Smallish value coins, 5p, 10p - round silver-coloured in increasing size.
Medium value coins, 20p, 50p - rounded heptagonal silver-coloured in increasing size.
High value coins: £1 round, gold-coloured very thick coin; £2 round, thin, bimetallic gold/silver coloured coin; £5 commemorative - round huge silver coloured coin.

And the redesign a few years ago was the first time the designs on the reverse had been changed in over 40 years - it was time for a change; the queens' portrait of course has changed several times as she's got older, but the same happened with Queen Victoria.

Comment Re:Strike a zero, keep the dollar (Score 1) 943

Err, no. When you have a redenomination you apply the same factor to all denominations of notes and coins. When Turkey did this to the lira in 2005, they simply chopped six zeroes off everything (they'd been preparing for this by printing notes with the last six zeroes in a different colour, or smaller figures on coins). When 2005 came around, instead of printing 20,000,000 lira notes (then worth about $13), they printed 20 "new lira" notes instead, and four years later when everyone was used to the new values they dropped the "new" and went back to talking of their currency as liras.

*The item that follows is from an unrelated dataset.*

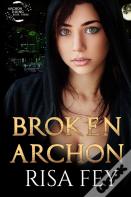 Broken Archon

Comment Re:Not yet... (Score 1) 943

Yes, you also had 2.50 guilder coins, and 25 and 250 guilder notes, which were a bit strange when you first came across them but you soon got used to them - I remember wondering what on earth I was going to do with the two 250 fl notes I was given at the GWK at Amsterdam CS once, but strangely enough my hotel had no trouble accepting them!

Comment Re:Not yet... (Score 1) 943

A few corrections here. The half crown (a very nice coin to receive when you were a kid - you knew your relatives really liked you when they gave you one!) was actually withdrawn in 1969, the same year as the old halfpenny. The 50p coin was introduced and the old ten-shilling note withdrawn in 1969. Decimal 5p and 10p coins were issued from 1968 in place of old one and two shilling coins, which were the same size and weight and which remained in circulation until the 5p and 10p were reduced in size in 1990/1992. The Crown (5-shilling) coin was only issued as a commemorative coin and didn't normally circulate; they continued to issue coins of this (huge) size as commemorative 25p coins until 1990, and since then commemorative coins of this size are still sometimes issued, but with a face value of £5. The decimal halfpenny was withdrawn on 31.12.1984.

20p coins were introduced in 1982, and £1 coins in 1983, with the Bank of England ceasing to issue £1 notes in 1984 (there were also large, thick £2 coins occasionally issued from this time, similar to the £1 coin, but they were commemoratives and rarely found in circulation). £2 circulating bimetallic coins were issued from 1997 (the earliest coins are dated 1996 but introduction was delayed because London Transport couldn't modify their ticket machines in time).

1p and 2p coins are the same weight and diameter as when they were first issued in 1971, but they are slightly thicker as they're now made of copper-plated steel, since fluctuations in the world price of copper occasionally made them worth twice their face value for their metal.